お酒は程々に
短めです
翌日。
私は嫌な気分と共に目覚めました。
酒の飲み過ぎで記憶が曖昧。恐らく倒れてしまったのだろうと認識して、そしてさらに気分が鬱屈しました。
ひどく陰鬱な気分になり、休んでしまおうかと思いました。
でも、それは出来ませんでした。私には私の仕事があります。
でもどんな顔をしてあの人に会えばいいのだろうかと、そう思うと足取りも重く、気づけば遅刻ギリギリで出勤していました。
「……遅れました」
そう言って入室すると、既に兵站局は局員で溢れていました。
当然、局長たるアキラ様もそこにいます。
しかし私がいつもより遅れたことを誰も何も言いませんでした。アキラ様も、いつも通りに仕事しています。

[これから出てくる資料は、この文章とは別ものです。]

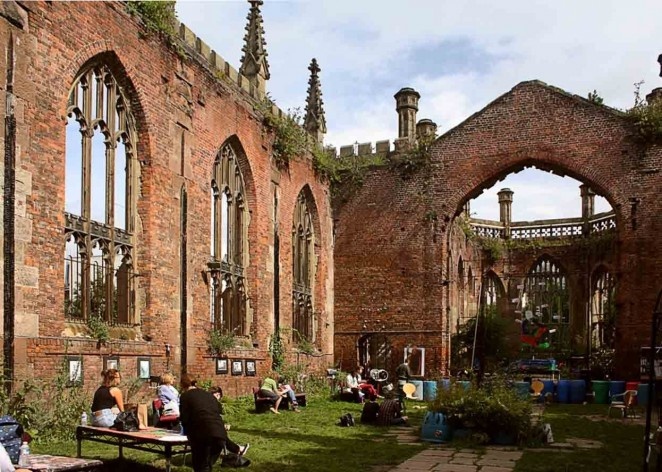 Evento na St. Luke´s Church ou Bombed Out Church, em Liverpool, Inglaterra<br />Foto Victor Sena 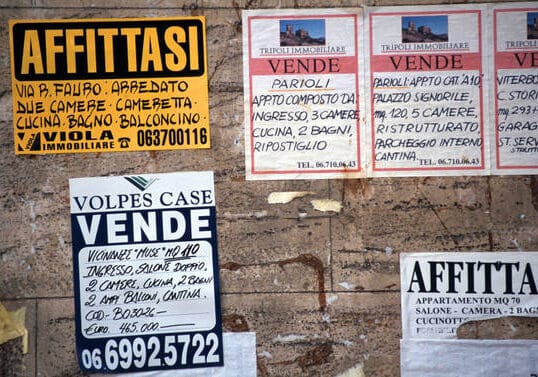 Falsi contratti d’affitto a stranieri, quattro indagati italiani a Milano
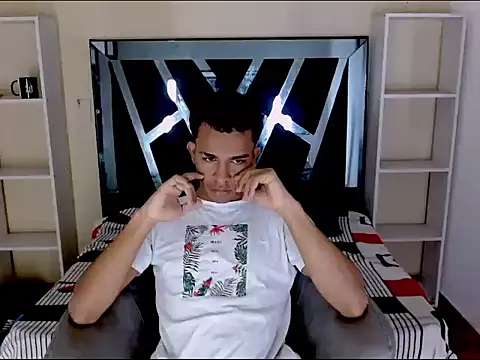 aston xvera online show from 09-19-25, 03:54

どうしようかと悩みましたが、私は意を決して彼の下に行き、伝えます。
「……どうかしましたか?」
「いえ……。あの……、昨晩は、その、申し訳ありません。忘れてください」
もしかしたら変な事を言ったかもしれない。そうでなくても迷惑はかけただろう。そう思っての謝罪でした。
「…………」
返事がありませんでした。
変な事言っただろうかと、不安になります。
「あの……?」
私がもう一度言おうとしたところで、食い気味にアキラ様が口を開きました。
「昨日は私も飲み過ぎたせいで、昨日のこと全然覚えてないんですよね。何かありましたっけ?」
と。
素っ頓狂な顔に、私は思わず面を食らいます。
そう言えば、彼は私より酒が弱いのだ。私より先に酔っていても不思議はない。
「……あ、いえ。他愛もない話ですから、気にしないでください」
「ならよかったです。じゃあ早速仕事を始めましょうか」
アキラ様が記憶喪失になったおかげで昨日の話は終わり、心の中でそう切り替えることができました。
私はいつものように業務を始めようとして……でもその前に、アキラ様に呼び止められました。
「ソフィアさん。まずは経理部設置案について具体的な構想を練りましょう」
その言葉に、私はつい笑ってしまいました。
アキラ様はどうやら嘘が下手のようです。いい意味でも悪い意味でも、とても正直な人ということなのでしょう。
「…………はい!」
十分な休息を取ったおかげかどうかはわかりませんが、その日はいつもより軽い気持ちで仕事に励むことが出来ました。
その日から、私と彼の距離が縮まった……気がします。
「アキラ様! 前から言っているように、ゴブリン用の軍靴とオーク用の軍靴は違うんです!」
「あ、はい。すみませんすぐ直します」
「これ3回目ですよ!」
もしかしたら、勘違いかもしれませんけど。